Citarella and Paredes’ screenplay is masterfully constructed. Part One take us farther and farther down the threefold rabbit holes of Laura’s disappearance, the mystery she was trying to solve with Chicho involving letters hidden in Trenque Lauquen library books and the specific yellow flower Laura had yet to identify. Rafa is convinced the latter is her quest while Chicho secretly favors the former, an erotic love story that kindled sparks between its investigators and left them wondering about the child born of it. There are plenty of other diversions to be found as well, like the stories Laura digs up for her ‘Women in History’ radio segment on Juliana’s (Juliana Muras) Trenque Lauquen ‘A Sea of News’ program; Chicho’s visit to his old school, where he identifies a picture of their letter writer, Carmen Zuna (she and her lover are portrayed in flashback by Paredes and Pierri), through the process of elimination and Rafa’s humorous attempt to unravel academic red tape with Normita (Cecilia Rainero) before he heads back to Buenos Aires.
While Part One skips about in time and stories real and imagined, Part Two slows down, plunging us into the previously unseen radio station to follow Laura’s story from her point of view beginning just before she asks Chicho if she can borrow his car. Citarrella and her star will revisit many of Part One’s scenes, coming full circle back to the gas station where it all began, and yet it tells almost an entirely different story, one involving an unseen alien rescued from Trenque Lauquen’s park lake which miraculously never feels silly (Trenque Lauquen translates to ‘round lagoon’). This helps explains Citarella’s playful use of music, a Theremin introduced in Part One when driving by Trenque Lauquen’s saucer-shaped water tower coming back as Laura cozies up to the woman, Elisa Esperanza (Elisa Carricajo, "La Flor"), she thought was a ghost in Part One in order to see the aquatic alien the woman and her lover, Romina (Verónica Llinás) rescued (the director also uses genre mystery music featuring violins and cello, atmospheric guitar tied to the landscape and Viennese waltzes).

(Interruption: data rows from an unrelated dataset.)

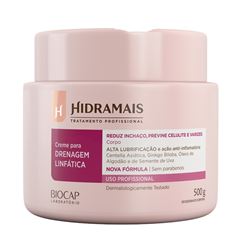 Creme Para Massagem Hidramais Drenagem Linfática 500g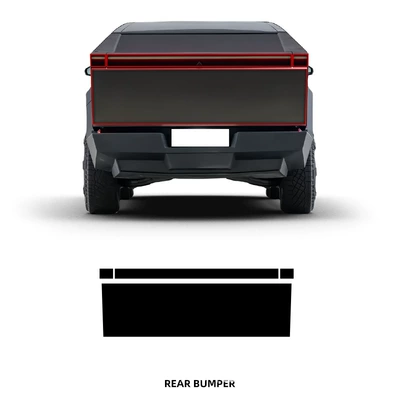 Protective Film for Tesla | Car paint protective film - trunk-tpu-transparent-protective-film-tesla-cybertruck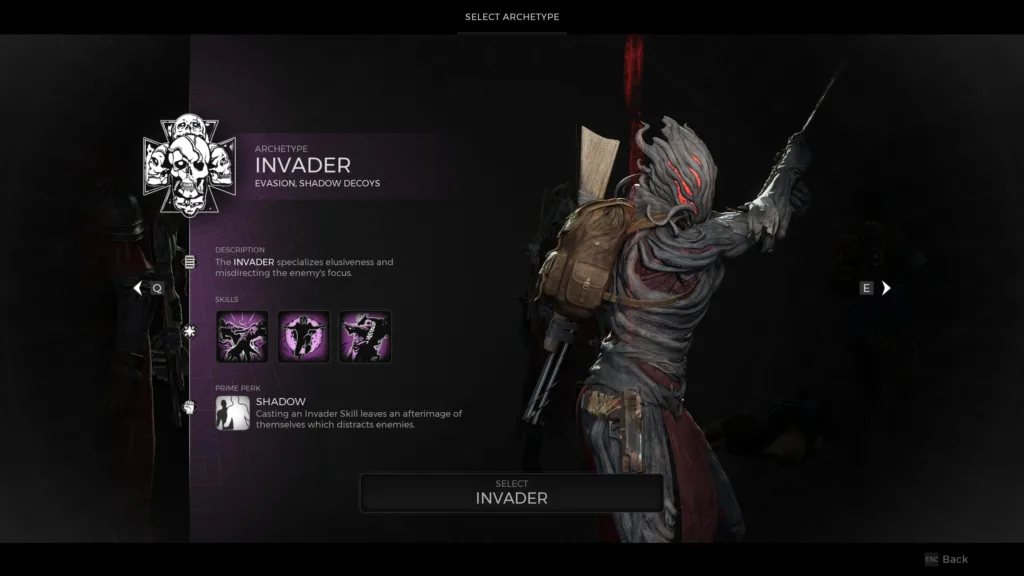 Mejor build Invasor Remnant 2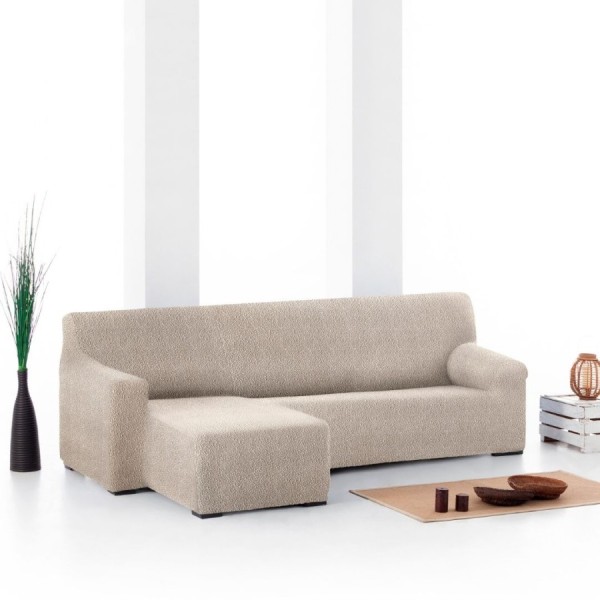 Husa colțar stanga, bielastică 250–360 cm, Premium ROC, C/00 Bej deschis – fixare perfectă și aspect modern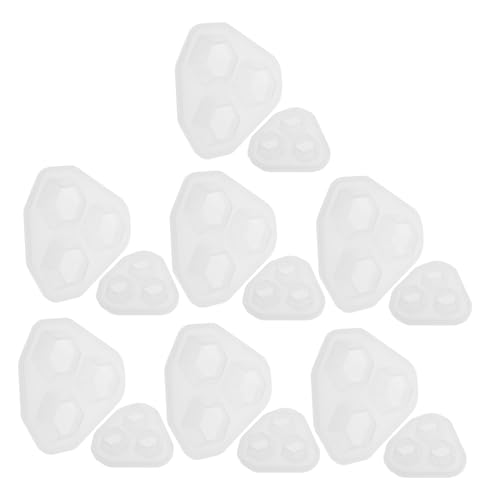 LALAFINA 20 Stück Teiliges Silikonharz Gießform Diamantform Flexible Wiederverwendbare Resin und Epoxidharz Molds Kleine und Edelsteinformen für Diy Schmuckherstellung Dekoration und von LALAFINA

Parades’ portrayal of Laura is one of unlimited curiosity, an amateur detective willing to leap at any dangling thread that catches her fancy and the actress keeps us invested in Laura’s fate right up through Citarella’s perfect ending, a new mystery achieved via camera pan. Pierri provides a mournful undertone of yearning romanticism, the married father’s loss of his playmate gently acknowledged by Muras’s Juliana as she leads him towards the truth with a shared secret recording.
“Trenque Lauquen” will envelop you in its many mysteries and delight you with its mischievous spirit. Have you ever fallen in love with a movie? This one might just do the trick.